In terms of rankings, the best golfer on the planet griped at first sight, and then more backlash and hate piled on for 22 more years, until the Tour had enough and decided to yank the wonky designed course off the docket. Well, after a major facelift – a complete redo of infrastructure – the PGA Tour is baaaaaack (and still playing at a ruthless rate).
“There are no low scores here,” Bill Haas, the 2013 winner of the tournament, said.
“It’s hard,” Justin Thomas, the No. 12-ranked golfer in the world, added after shooting a 2-under-par 68 on Wednesday. “You could 100 percent host a U.S. Open here starting tomorrow. I mean you really could. It’s not very often we play greens this firm on tour other than majors.”
— The National Tournament (@TheNationalDC) June 28, 2017
Point No. 1: “It’s [still] hard.”
Annapolis native and Naval Academy alum, Billy Hurley III, who supposedly plays TPC Potomac more than anyone else on tour, shot the worst score of the day at 8-over. He’s also the defending champion. And though there’s not a lick of golf talent inside the 5-foot-4 frame of ESPN NFL reporter Adam Schefter, he, too, stunk up the joint with flubs and OB cranks.
“Adam, just pretend you’re preparing your mind for speaking in front the camera, and maybe that’ll help,” I suggested.
“Being in front of the camera is a lot easier than this, buddy,” Schefter said.
He probably shot like a 136. But hey, he’s making millions $$, and he stays winning.
— Kyle McFadden (@k_fadd) June 28, 2017
They say this everywhere, but this week, it’s paramount: If you hit your fairways, you’ll be aye OK. Miss a fairway? You’ve got to get out of some lush, U.S. Open-like rough. And if it’s real bad, the dreaded fescue looms.
Just ask Redskins linebacker Ryan Kerrigan. Dude pitched a tent in that stuff all day Wednesday.
For all my 21-and-over people, this shouldn’t come as a surprise: Beer is still overpriced. Eight-freaking-dollars for a cold one. Booooooo. And everything else is still outrageous, like a $12.00 BBQ sandwich and $8.00 burger, and that’s without a drink or anything else. Tack on $3.00 more for a water and $4.00 for a little bag of chips.
My lunch yesterday that I would’ve gotten at Burger King for like $7.00 costed $15.00 (it also would’ve came with fries instead of chips). Oh well.
So I guess point No. 2 is you’re either going to go meal-less for the weekend or drain your bank account.
Here’s something that may be surprising: J.R. Smith (yes the J.R. Smith who balls for the Cavaliers and went days without a shirt during the Cavs’ title festivities in 2016) takes his golf very seriously.

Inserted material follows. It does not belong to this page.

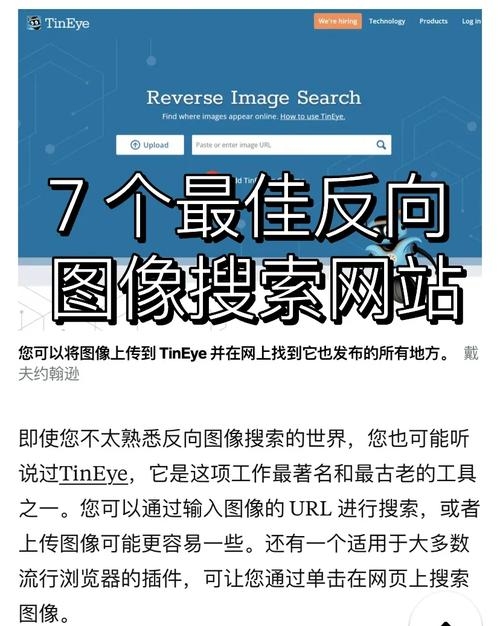 深入了解网站反向链接查询插图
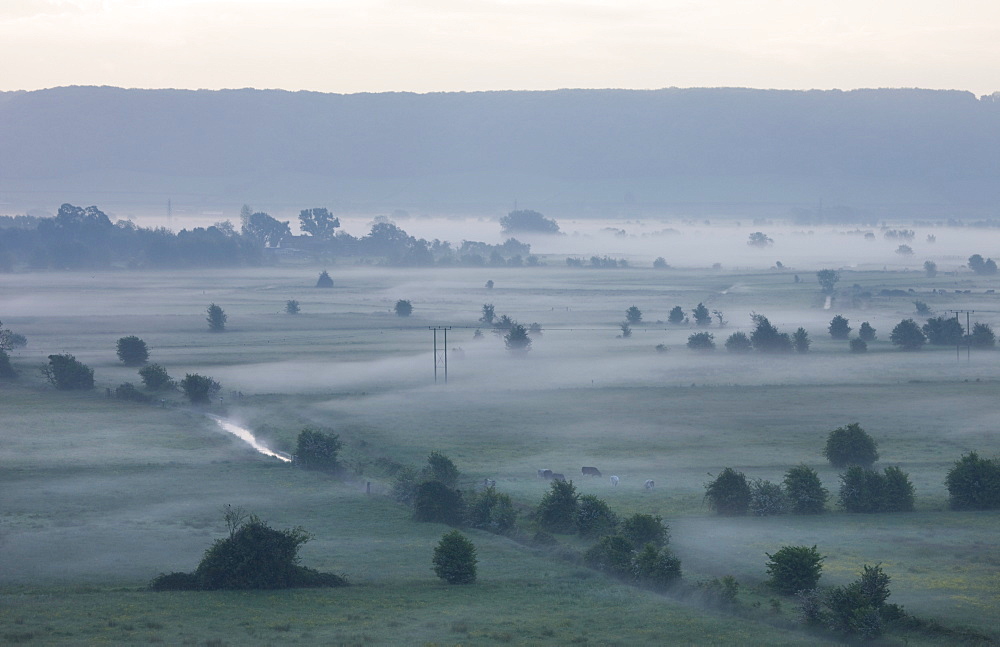 Mist shrouded fields at dawn on the Somerset Levels near Burrowbridge, Somerset, England, United Kingdom, Europe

Smith probably tinkered with even-par on the front, and even capped his first nine holes with a birdie on No. 9. He consistently hammered drives 280-plus-yards, and his 113.7 MPH club speed is in touring pro range (110-127 MPH).
— Kyle McFadden (@k_fadd) June 29, 2017
“Man what a day! It’s crazy how my dreams keep coming true! … @pgatour I’m coming!!” Smith said in an Instagram post.
On another side of things, what’s a D.C. sporting event without D.C. sports figures? Nothing, really. Redskins coach Jay Gruden and Redskins punter Tress Way played on Wednesday, as well as Ryan Kerrigan.
Capitals’ Karl Alzner, John Carlson and Justin Williams participated as well. We tried getting them to do a Happy Gilmore impersonation, and if it happened a video would be on here somewhere.
— Kyle McFadden (@k_fadd) June 28, 2017
For a Redskins snippet in June, Gruden says the biggest thing is his roster is finally healthy for once, which has been marred with injuries the past few years.
“We’re healthy, and that’s all that matters right now,” Gruden, who also lost 20 pounds over the offseason, said.
In the PGA’s perspective, they’d like to see this week be a healthy one, too, and more than just a one-stop-shop. Let’s just hope no whiners spoil it this time around.